Chronique | LATX - Everything that Hurts

Pierre Sopor 1 juin 2022

Ils sont quatre, ils aiment les photos et noir et blanc et le rock industriel des années 90. Est-ce qu'ils sont jeunes ? Est-ce qu'ils sont beaux ? On n'oserait se prononcer, et surtout, on s'en fout. C'est LATX, un groupe flambant neuf originaire de Clermont-Ferrand qui a sorti son premier EP, Everything That Hurts début 2022.

Nappe atmosphérique de plus en plus pressante en intro, puis quelques notes fantomatiques au clavier qui résonnent dans la brume, un chant expressif tout en murmures torturés et explosions rageuses sur les refrains et des riffs qui jaillissent pour nous prendre à la gorge : les influences ne sont pas trahies. On pense évidemment très fort à NINE INCH NAILS (et ses petits cousins tels que FILTER ou STABBING WESTWARD) pour cette façon d'utiliser l'électronique mais aussi la place accordée aux mélodies, aux guitares et aux émotions, mais on entrevoit également parfois des airs de WHITE ZOMBIE ou de TYPE O NEGATIVE (la fin d'In Love We Rust).

Au-delà d'un fétichisme qui dépasse la simple posture nostalgique (de NIN, on pense d'ailleurs plus souvent à With Teeth sorti au milieu des années 2000 qu'aux premiers albums), LATX affirme son identité, attaque la jugulaire avec énergie (Blast), nous embarque avec ses boucles électroniques hypnotiques (Vigil) tout en laissant à des passages plus ambiants installer une chouette mélancolie et un petit parfum futuriste.
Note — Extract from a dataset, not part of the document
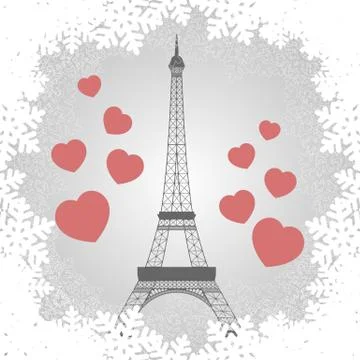 Christmas card with Eiffel tower Stock Illustration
Ce qui plaît le plus dans LATX, finalement, c'est aussi sa simplicité : au chant, Romin n'en fait pas des tonnes dans les gimmicks, le groupe n'empile pas les couches bruitistes noise ou ne cherche pas à expérimenter dans tous les sens, ne se grime pas pour essayer de masquer un manque d'inspiration musicale derrière de belles photos. C'est efficace, bien produit, bien composé (simplicité n'est pas pauvreté), chaque élément a un sens (on est particulièrement fan de ce clavier creepy auquel il suffit de quelques interventions pour donner à un morceau plus d'ampleur, comme sur Marks of No Joy). Certes, LATX ne crache pas du sang (noir) et fait dans le facile à écouter, facile à aimer, mais ils ne trichent pas, n'essayent pas de paraître ce qu'ils ne sont pas (pas besoin, quand on a le talent) et ne tombent pas non plus dans le piège de la mièvrerie agaçante qui affligent d'autres groupes du genre.

Everything That Hurts est un premier EP réussi. C'est non seulement techniquement très propre, mais on ressent surtout la passion des musiciens pour ce qu'ils font et une forme de modestie finalement rafraîchissante. LATX ne prétend pas réinventer l'indus mais se fait plaisir : en général, c'est comme ça que l'on transmet ce plaisir à d'autres et l'EP ne déroge pas à la règle. Plaisir partagé : ses morceaux accrocheurs tournent très vite en boucle et on attend désormais la suite avec impatience.